And now, on to a point-by-point response!

Symfony is not slow in the meaning of “not optimized”

But it *is* slow in the meaning of “relative to other frameworks.”

Regarding the title of M. Zaninotto’s article, I don’t know of any reputable benchmark projects that conclude Symfony is “too slow for real-world usage” in general. (Perhaps M. Zaninotto would link to such a statement?) Of course, the definition of “real-world” is subjective; the requirements of some applications are not necessarily the same as others.

What is not subjective is the responsiveness of Symfony when compared to other frameworks in a controlled scenario: for a target of 500 req/sec, you are likely to need more servers to balance across with Symfony than with Cake, Solar or Zend. This is implied by my earlier benchmarking article.

If some benchmarks show that symfony is slower, jumping to the conclusion that symfony is not optimized is a big mistake.

I don’t know of any comparative benchmark research that concludes “Symfony is not optimized.” M. Zaninotto is arguing against a point that no benchmark project seems to be making. (Note that the benchmarks I generated explicitly attempt use each framework in its most-optimized dynamic state, including opcode caching. You can even download the source of the benchmarking code to see what the optimizations are.)

I'd say that people who take this shortcut are either way smarter than us, or they don't know what profiling is, they didn't look at the symfony code, and they can't make the difference between efficient code and a bottle of beer.

Profiling to optimize a subset of code lines is not the same as benchmarking the responsiveness of a dynamic controller/action/view dispatch sequence. (The speed of the code blocks together are taken into account by the nature of the benchmark.)

So for instance, you will not find this code in symfony:

for ($i = 0; $i<count($my_array); $i++)

instead, we try to always do:

for ($i = 0, $count = count($my_array); $i<$count; $i++)

This is because we know it makes a difference.

How do we know it? Because we measured. We do use profiling tools a lot, on our own applications as well as on symfony itself. In fact, if you look at the symfony code, you can see that there are numerous optimizations already in place.

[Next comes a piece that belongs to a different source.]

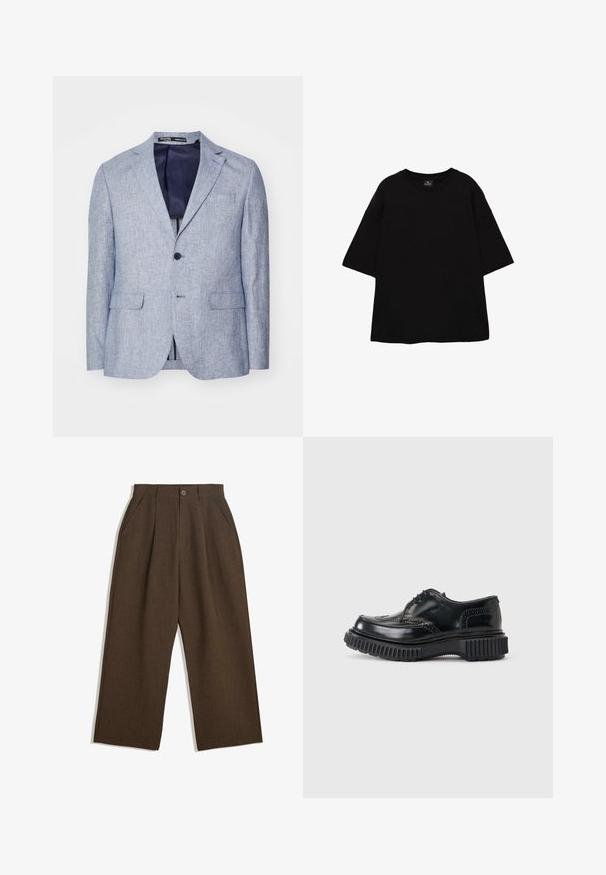 Lichtblauwe textuur herenblazer met notched lapels, twee voorflapzakken, sluiting met één knop en een donkerblauwe voering die zichtbaar is.; Zwarte oversized T-shirt met korte mouwen en ronde hals, gemaakt van gladde stof, plat uitgestald op een witte achtergrond.; Bruine geplooide broeken met een wijdvallend ontwerp, voorzien van een knoopsluiting en zijzakken, gemaakt van een textiel dat geschikt is voor casual wear.; Zwart leren brogue-schoen met stevige geribbelde zool en vetersluiting tegen een effen lichtgrijze achtergrond.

I agree that the second code-block is much better than the first speedwise. (N.b.: the first one calls count() on each cycle of the loop, whereas the second one calls count() only once.)

But if that faster piece is called only once or twice, and another much-slower piece is called 2 or three times, the overall effect is to slow down the system as a whole. Optimizing individual blocks of code does not necessarily result in a fast system as a whole.

And if you use a profiling tool yourself on a symfony application, you will probably see that there is no way to significantly optimize symfony without cutting through its features.

… at least, not without rewriting the system as a whole using a different and more-responsive architecture.

Of course, there might still be a lot of small optimizations possible here and there.

I think one would need a lot of “small optimizations” to make the 41 percentage-point gain necessary to equal the next faster dispatch cycle of Cake (per my benchmarking article; your mileage may vary).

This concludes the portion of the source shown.